Scott Wren, Senior Global Equity Strategist
Global equity markets have been fluctuating wildly in recent days (and recent hours). The S&P 500 Index has dropped 8% in just a matter of days. Are you fearful and seeking shelter, or assertively looking for opportunities? If you are like most investors who don’t manage other people’s money for a living, you have probably been sitting on more cash than you liked as the market rallied to one record high after another over the course of the last 18 months and the fundamental outlook improved. You might have even been underinvested in stocks over much of the last eight years of this monster run higher in the market. You have largely been skeptical.
But when opportunity knocks, as the old saying goes, you need to open the door. We are hearing that knock now, in our opinion. We have talked repeatedly over the years—and certainly during this rally—that investors, especially those underinvested in stocks, need to have a plan that will allow them to take advantage of pullbacks in the equity market. You don’t want to start thinking about a plan of action when the correction happens; you want to do it in advance. Preferably well in advance. Where are the holes in your portfolio? What are the most attractive sectors looking ahead given our economic expectations?
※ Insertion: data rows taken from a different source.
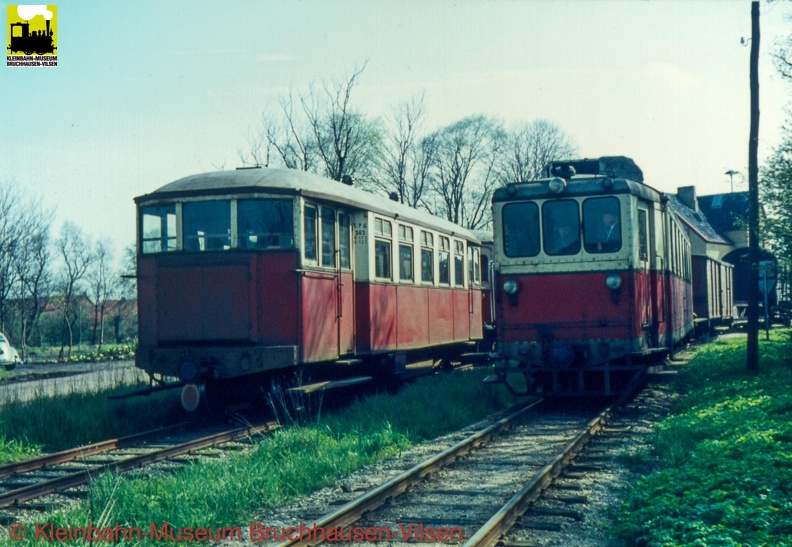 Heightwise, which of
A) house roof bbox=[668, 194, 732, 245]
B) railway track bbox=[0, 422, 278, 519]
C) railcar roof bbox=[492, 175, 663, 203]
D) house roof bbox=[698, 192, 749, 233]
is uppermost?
house roof bbox=[698, 192, 749, 233]

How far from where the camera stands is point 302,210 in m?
10.9

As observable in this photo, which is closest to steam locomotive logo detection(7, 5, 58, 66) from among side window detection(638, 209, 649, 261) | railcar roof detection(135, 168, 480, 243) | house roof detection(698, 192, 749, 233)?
railcar roof detection(135, 168, 480, 243)

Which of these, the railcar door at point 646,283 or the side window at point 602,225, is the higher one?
the side window at point 602,225

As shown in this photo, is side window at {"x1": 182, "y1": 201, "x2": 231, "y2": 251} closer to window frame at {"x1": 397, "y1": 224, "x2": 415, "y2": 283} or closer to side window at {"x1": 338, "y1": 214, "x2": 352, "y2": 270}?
side window at {"x1": 338, "y1": 214, "x2": 352, "y2": 270}

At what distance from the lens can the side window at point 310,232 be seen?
36.1 ft

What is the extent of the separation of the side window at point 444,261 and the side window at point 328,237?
4.51m

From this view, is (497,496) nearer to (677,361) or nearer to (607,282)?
(607,282)

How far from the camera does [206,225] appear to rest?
36.0 feet

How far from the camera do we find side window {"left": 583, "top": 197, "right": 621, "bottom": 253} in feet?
37.0

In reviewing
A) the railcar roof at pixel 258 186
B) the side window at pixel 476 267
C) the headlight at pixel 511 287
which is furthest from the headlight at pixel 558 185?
the side window at pixel 476 267

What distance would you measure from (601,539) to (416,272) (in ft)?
30.7

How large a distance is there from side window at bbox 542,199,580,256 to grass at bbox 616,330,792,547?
2.71 meters

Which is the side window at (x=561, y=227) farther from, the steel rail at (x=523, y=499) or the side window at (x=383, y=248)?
the steel rail at (x=523, y=499)

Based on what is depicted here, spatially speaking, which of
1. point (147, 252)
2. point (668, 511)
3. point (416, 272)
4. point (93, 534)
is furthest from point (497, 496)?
point (416, 272) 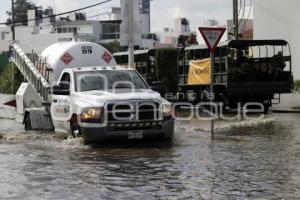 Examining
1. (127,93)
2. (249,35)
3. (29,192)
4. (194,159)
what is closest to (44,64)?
(127,93)

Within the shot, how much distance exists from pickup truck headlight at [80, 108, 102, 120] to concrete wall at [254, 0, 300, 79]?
15.2 m

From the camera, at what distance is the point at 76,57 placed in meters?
18.6

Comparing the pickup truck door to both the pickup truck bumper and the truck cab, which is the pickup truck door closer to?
the truck cab

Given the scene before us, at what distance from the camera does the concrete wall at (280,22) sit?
A: 86.3 ft

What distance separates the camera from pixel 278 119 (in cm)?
2048

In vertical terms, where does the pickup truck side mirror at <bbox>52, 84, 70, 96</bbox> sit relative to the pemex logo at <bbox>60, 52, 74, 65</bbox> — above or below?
below

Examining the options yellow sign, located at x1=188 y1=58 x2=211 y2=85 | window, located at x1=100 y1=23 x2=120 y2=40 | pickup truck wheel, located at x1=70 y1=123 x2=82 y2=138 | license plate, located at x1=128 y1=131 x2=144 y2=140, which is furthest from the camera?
window, located at x1=100 y1=23 x2=120 y2=40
How about just buying some broad exposure to the market?
We thought 2017 would offer at least one opportunity to take advantage of a 7% or 8% correction, but it never materialized as the market kept grinding higher throughout the year. Now we have an opportunity. The question is this: Do investors have a plan? If so, it is likely time to start executing that plan. In other words, we believe it’s time to pull the trigger and start stepping into stocks. But where? At what levels? One thing this strategist can tell you with a high degree of confidence is that I will not be able to pick the exact bottom. But my goal is to look for spots to buy that offer some level of technical support that traders are likely watching.
Technical support? You mean those lines drawn on price charts? Yes we are talking about those lines. And yes, we are a fundamentally focused research department, but when panic sets in and equity market volatility soars, you need to look past earnings projections and price/earnings (P/E) ratios. Over time, the fundamentals drive the market, but in the short term, anything can happen. Over the course of a cycle, the stock market, from time to time, becomes detached from the fundamentals. Traders often, if not daily, use technical analysis to pick their entry and exit spots in the short term. And right now, investors need to think a little more like traders.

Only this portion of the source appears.